**AVAILABLE DATA:**
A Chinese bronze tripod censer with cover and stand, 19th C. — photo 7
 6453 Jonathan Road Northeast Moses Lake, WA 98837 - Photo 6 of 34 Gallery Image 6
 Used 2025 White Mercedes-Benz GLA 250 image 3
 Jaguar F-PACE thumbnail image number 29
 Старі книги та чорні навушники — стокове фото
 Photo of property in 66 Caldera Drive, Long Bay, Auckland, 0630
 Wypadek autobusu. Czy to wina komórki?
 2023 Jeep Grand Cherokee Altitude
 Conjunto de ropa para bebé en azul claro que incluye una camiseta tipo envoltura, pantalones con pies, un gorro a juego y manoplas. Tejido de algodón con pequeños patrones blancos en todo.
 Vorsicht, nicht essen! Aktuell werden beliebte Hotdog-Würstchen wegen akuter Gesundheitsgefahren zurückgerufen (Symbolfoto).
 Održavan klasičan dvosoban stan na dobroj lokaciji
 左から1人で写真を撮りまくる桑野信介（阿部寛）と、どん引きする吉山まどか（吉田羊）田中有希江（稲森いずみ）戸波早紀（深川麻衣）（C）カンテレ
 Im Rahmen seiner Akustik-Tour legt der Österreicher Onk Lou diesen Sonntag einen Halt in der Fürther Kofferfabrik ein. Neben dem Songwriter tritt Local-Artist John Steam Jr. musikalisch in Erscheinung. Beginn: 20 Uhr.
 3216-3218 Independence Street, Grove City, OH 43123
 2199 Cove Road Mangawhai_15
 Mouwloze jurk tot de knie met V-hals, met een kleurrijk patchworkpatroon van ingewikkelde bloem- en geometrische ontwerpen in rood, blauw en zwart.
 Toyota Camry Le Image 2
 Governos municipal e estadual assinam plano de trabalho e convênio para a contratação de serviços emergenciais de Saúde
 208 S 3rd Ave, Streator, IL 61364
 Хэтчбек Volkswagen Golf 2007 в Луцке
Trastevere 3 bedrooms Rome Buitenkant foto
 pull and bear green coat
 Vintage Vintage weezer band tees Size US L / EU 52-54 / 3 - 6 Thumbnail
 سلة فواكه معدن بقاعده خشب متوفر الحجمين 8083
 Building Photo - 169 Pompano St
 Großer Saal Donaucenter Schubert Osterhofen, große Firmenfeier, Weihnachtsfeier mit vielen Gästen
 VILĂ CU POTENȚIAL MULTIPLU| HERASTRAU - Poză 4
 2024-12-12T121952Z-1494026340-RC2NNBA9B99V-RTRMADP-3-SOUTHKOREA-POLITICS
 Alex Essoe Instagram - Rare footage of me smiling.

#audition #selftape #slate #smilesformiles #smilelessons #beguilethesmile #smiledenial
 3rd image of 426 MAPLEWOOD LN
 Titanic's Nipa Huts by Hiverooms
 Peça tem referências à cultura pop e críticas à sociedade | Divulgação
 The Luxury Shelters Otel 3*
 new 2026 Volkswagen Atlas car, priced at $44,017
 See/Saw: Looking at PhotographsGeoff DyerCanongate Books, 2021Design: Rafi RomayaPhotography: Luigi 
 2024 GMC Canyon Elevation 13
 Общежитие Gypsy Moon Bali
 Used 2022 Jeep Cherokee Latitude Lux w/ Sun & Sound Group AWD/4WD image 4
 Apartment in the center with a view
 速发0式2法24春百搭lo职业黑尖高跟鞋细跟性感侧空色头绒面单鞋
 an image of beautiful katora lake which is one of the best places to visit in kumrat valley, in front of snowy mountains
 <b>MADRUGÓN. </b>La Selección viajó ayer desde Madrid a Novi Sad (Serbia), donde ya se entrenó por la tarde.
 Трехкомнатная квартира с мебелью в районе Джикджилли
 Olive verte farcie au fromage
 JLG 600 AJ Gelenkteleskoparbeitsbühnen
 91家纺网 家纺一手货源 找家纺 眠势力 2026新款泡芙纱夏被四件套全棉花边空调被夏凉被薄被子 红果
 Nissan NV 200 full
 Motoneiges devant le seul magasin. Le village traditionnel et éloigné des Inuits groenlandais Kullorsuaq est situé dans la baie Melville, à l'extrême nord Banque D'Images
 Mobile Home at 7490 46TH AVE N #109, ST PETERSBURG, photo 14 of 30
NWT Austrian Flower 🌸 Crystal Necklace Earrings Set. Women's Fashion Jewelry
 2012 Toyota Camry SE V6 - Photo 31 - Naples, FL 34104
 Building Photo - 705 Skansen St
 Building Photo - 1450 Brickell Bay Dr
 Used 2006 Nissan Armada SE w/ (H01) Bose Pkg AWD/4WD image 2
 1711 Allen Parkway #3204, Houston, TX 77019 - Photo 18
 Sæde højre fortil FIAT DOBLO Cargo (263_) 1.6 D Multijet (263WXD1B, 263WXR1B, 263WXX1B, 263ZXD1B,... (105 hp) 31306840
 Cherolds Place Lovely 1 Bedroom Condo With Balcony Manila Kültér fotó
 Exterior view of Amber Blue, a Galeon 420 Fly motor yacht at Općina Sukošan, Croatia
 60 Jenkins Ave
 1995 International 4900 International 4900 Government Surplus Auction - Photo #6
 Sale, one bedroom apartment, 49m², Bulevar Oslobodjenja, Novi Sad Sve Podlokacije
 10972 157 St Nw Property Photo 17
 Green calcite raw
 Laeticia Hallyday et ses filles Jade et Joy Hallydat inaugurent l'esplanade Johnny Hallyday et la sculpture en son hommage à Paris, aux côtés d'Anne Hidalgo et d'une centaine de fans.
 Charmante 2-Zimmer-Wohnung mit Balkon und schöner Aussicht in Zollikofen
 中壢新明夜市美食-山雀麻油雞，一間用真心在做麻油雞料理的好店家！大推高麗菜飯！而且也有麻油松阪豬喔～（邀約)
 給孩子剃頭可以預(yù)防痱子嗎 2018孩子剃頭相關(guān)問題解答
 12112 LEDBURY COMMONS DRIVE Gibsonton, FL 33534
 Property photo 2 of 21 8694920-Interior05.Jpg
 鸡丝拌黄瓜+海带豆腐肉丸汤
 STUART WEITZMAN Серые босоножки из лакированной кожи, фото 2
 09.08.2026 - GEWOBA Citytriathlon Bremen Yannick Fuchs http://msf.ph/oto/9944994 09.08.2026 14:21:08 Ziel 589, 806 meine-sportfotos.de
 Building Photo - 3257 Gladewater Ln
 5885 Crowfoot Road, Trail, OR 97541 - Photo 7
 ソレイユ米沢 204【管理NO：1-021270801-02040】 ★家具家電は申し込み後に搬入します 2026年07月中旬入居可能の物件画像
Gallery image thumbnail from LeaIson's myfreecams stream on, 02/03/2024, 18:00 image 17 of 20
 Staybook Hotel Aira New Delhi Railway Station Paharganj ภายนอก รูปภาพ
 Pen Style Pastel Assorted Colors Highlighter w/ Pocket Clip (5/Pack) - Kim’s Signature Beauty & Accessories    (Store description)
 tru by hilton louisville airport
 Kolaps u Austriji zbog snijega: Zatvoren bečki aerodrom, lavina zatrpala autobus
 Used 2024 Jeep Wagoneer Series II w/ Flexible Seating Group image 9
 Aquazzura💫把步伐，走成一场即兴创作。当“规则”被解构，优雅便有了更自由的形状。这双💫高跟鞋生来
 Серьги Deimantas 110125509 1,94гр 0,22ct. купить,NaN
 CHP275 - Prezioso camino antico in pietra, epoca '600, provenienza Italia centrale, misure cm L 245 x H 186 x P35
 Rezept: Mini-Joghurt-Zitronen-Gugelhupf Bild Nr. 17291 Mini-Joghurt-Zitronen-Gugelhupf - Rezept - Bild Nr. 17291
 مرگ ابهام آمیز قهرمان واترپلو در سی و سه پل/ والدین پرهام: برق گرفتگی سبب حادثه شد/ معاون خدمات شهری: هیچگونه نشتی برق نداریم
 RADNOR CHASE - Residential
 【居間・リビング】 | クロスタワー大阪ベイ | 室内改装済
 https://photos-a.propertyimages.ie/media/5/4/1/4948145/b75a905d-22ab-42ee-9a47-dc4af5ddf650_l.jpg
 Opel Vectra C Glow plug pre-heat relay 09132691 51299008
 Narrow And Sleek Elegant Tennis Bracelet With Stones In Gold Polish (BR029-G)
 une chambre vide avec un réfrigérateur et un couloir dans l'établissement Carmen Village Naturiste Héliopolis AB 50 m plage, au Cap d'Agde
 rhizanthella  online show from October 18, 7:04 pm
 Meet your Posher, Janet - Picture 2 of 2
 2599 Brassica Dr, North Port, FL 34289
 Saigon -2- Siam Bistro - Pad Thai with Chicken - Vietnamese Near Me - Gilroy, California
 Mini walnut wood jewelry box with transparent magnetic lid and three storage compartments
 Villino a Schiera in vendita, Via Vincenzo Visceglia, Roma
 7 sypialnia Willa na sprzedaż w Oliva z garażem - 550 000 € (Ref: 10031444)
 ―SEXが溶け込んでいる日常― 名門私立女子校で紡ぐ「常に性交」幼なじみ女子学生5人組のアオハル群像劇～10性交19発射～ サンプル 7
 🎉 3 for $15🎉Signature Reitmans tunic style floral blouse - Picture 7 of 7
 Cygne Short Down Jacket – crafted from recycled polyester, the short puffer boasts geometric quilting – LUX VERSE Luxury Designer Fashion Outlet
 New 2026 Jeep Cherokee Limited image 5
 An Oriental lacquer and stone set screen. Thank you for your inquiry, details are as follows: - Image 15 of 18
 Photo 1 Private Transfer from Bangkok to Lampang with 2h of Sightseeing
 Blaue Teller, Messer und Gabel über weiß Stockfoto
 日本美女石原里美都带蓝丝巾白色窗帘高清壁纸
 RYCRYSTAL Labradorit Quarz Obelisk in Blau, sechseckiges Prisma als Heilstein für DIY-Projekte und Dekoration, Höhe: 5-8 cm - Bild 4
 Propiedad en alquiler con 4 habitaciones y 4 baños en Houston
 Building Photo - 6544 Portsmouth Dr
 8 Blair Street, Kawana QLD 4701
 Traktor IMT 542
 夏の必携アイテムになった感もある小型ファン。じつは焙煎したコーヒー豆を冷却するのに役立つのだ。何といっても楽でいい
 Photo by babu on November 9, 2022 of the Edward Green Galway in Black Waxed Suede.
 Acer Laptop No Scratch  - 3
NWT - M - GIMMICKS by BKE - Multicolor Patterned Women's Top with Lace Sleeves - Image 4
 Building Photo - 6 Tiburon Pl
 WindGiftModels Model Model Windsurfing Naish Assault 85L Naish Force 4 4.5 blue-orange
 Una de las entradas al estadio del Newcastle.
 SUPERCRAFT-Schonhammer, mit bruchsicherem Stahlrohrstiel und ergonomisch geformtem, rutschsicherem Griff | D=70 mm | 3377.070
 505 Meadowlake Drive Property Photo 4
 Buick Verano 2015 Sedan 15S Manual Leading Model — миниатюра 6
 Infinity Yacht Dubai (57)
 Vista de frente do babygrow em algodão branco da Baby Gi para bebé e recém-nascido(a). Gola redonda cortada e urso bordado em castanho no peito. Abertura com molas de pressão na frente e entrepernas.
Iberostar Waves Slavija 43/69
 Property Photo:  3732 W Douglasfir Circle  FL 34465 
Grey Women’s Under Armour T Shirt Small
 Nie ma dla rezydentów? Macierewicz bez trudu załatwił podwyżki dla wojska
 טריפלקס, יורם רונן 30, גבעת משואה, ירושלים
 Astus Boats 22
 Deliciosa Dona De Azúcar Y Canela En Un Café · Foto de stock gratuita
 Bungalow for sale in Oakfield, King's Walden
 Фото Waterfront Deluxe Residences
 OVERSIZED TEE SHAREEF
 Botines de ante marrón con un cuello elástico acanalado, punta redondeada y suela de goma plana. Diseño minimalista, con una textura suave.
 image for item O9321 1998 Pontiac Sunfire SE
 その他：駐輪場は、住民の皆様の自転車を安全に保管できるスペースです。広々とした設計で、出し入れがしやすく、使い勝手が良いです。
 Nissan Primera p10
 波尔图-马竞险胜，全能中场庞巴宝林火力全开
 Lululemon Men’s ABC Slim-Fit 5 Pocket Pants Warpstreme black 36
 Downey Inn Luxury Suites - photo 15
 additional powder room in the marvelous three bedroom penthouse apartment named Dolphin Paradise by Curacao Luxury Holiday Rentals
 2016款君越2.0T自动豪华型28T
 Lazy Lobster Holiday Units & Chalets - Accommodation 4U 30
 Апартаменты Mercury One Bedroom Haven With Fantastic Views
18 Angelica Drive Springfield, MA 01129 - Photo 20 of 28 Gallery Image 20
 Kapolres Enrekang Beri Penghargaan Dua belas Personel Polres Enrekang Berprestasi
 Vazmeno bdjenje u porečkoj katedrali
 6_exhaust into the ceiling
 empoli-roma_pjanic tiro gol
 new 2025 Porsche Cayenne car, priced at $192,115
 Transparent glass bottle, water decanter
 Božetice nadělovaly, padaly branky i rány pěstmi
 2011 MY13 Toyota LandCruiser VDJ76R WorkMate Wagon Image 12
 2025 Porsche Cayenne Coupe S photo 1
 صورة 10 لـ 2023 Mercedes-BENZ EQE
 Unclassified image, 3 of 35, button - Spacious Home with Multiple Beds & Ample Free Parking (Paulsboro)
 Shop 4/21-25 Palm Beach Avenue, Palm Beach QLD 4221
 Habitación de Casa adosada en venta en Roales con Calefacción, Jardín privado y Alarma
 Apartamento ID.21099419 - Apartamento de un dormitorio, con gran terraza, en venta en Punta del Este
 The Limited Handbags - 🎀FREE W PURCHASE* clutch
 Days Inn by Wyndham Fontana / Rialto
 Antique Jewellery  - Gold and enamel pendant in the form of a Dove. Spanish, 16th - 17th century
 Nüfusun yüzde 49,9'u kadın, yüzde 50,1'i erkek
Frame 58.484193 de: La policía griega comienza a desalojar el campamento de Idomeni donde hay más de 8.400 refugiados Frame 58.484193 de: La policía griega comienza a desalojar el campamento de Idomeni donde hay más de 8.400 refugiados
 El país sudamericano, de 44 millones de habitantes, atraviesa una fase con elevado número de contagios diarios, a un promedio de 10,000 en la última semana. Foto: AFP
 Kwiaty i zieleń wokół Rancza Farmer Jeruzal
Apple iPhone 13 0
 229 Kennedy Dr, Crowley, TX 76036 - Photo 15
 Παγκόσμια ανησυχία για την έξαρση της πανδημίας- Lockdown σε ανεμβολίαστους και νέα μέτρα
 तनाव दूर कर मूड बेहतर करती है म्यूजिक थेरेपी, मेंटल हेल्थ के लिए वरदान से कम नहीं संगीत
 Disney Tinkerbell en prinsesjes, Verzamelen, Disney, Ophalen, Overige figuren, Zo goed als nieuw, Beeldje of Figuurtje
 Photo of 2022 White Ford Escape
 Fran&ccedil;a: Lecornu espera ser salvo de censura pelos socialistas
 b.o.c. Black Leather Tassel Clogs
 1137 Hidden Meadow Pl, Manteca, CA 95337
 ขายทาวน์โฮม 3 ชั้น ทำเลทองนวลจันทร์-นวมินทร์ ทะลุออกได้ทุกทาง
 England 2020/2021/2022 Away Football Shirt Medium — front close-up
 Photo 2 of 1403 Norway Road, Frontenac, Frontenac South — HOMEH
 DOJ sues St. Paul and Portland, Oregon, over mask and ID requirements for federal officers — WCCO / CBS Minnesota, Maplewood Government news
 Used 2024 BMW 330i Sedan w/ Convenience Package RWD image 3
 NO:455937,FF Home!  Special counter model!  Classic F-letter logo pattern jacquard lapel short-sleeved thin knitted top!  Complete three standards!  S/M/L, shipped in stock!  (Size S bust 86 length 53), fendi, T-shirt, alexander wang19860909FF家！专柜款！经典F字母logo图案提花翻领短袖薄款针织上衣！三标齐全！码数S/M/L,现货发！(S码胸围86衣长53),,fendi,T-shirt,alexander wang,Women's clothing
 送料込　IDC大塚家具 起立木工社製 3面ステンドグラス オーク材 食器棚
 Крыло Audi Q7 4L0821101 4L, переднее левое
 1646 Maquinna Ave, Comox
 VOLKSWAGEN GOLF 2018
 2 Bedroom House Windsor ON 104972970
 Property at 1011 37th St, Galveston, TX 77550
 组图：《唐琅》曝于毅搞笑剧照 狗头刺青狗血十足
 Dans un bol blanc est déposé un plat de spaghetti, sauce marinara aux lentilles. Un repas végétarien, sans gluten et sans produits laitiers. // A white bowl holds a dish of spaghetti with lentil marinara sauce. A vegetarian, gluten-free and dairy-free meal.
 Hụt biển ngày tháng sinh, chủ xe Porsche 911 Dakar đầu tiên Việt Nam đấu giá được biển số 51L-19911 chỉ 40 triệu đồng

**INSTRUCTIONS FOR THE TASK:**
Set down, unchanged, only those lines above that fall between the line with "Propiedad en alquiler" and the line with "OVERSIZED TEE SHAREEF", the two end lines included.

**RESPONSE BOX:**
 Propiedad en alquiler con 4 habitaciones y 4 baños en Houston
 Building Photo - 6544 Portsmouth Dr
 8 Blair Street, Kawana QLD 4701
 Traktor IMT 542
 夏の必携アイテムになった感もある小型ファン。じつは焙煎したコーヒー豆を冷却するのに役立つのだ。何といっても楽でいい
 Photo by babu on November 9, 2022 of the Edward Green Galway in Black Waxed Suede.
 Acer Laptop No Scratch  - 3
NWT - M - GIMMICKS by BKE - Multicolor Patterned Women's Top with Lace Sleeves - Image 4
 Building Photo - 6 Tiburon Pl
 WindGiftModels Model Model Windsurfing Naish Assault 85L Naish Force 4 4.5 blue-orange
 Una de las entradas al estadio del Newcastle.
 SUPERCRAFT-Schonhammer, mit bruchsicherem Stahlrohrstiel und ergonomisch geformtem, rutschsicherem Griff | D=70 mm | 3377.070
 505 Meadowlake Drive Property Photo 4
 Buick Verano 2015 Sedan 15S Manual Leading Model — миниатюра 6
 Infinity Yacht Dubai (57)
 Vista de frente do babygrow em algodão branco da Baby Gi para bebé e recém-nascido(a). Gola redonda cortada e urso bordado em castanho no peito. Abertura com molas de pressão na frente e entrepernas.
Iberostar Waves Slavija 43/69
 Property Photo:  3732 W Douglasfir Circle  FL 34465 
Grey Women’s Under Armour T Shirt Small
 Nie ma dla rezydentów? Macierewicz bez trudu załatwił podwyżki dla wojska
 טריפלקס, יורם רונן 30, גבעת משואה, ירושלים
 Astus Boats 22
 Deliciosa Dona De Azúcar Y Canela En Un Café · Foto de stock gratuita
 Bungalow for sale in Oakfield, King's Walden
 Фото Waterfront Deluxe Residences
 OVERSIZED TEE SHAREEF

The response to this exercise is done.